» **INPUT MATERIAL**
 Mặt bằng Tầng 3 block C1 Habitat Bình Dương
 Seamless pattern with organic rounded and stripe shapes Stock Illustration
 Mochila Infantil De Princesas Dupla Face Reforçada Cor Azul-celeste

==

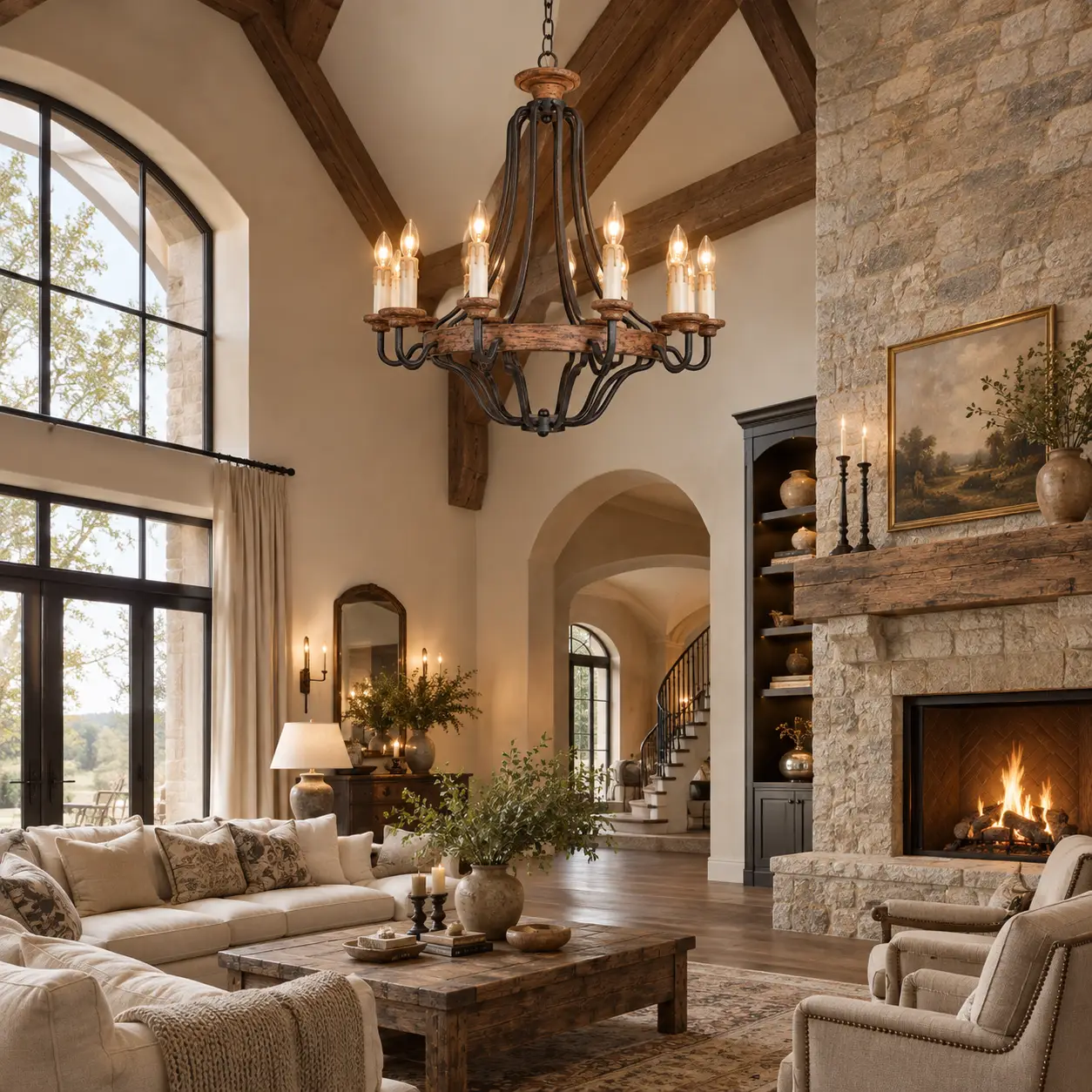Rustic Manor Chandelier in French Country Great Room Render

--

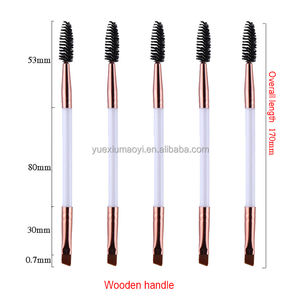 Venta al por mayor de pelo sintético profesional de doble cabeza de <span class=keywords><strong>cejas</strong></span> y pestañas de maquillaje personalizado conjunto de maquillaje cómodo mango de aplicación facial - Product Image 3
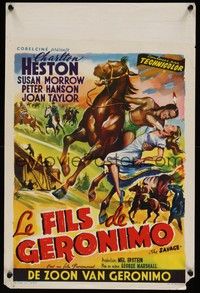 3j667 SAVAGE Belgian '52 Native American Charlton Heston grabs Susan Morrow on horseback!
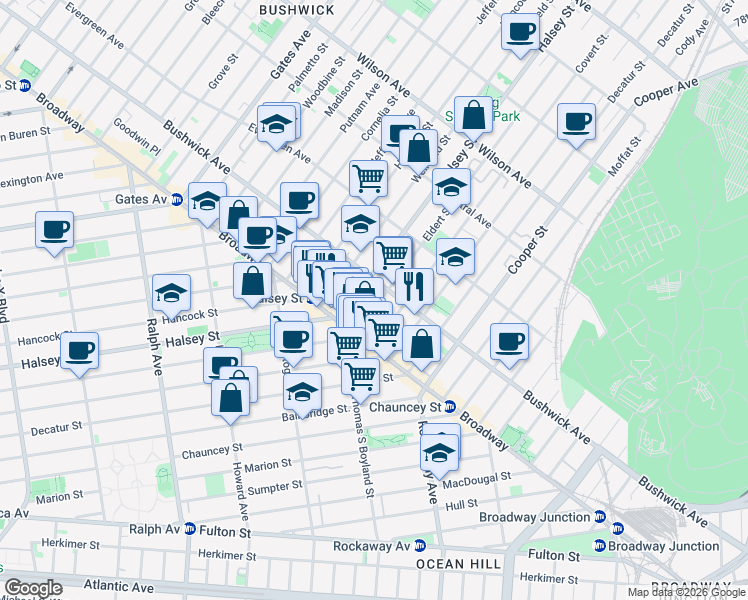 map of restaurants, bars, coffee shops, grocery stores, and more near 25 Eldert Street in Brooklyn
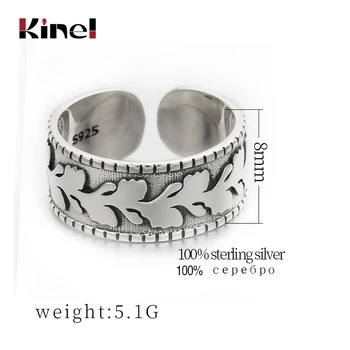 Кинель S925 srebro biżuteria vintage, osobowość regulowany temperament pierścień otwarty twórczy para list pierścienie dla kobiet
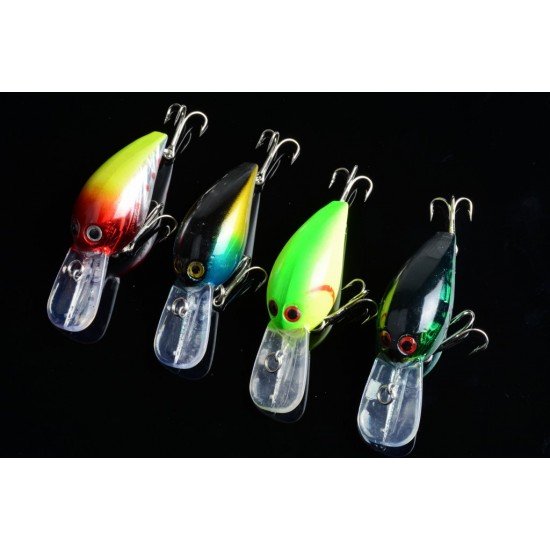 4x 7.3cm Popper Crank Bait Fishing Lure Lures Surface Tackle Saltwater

» **ACTION ITEM**
Would you print exactly, and only, the lines of the data above from the line with "Mặt bằng Tầng 3 block C1 Habitat Bình Dương" through the line with "Mochila Infantil De", inclusive?

» **EXPECTED ANSWER**
 Mặt bằng Tầng 3 block C1 Habitat Bình Dương
 Seamless pattern with organic rounded and stripe shapes Stock Illustration
 Mochila Infantil De Princesas Dupla Face Reforçada Cor Azul-celeste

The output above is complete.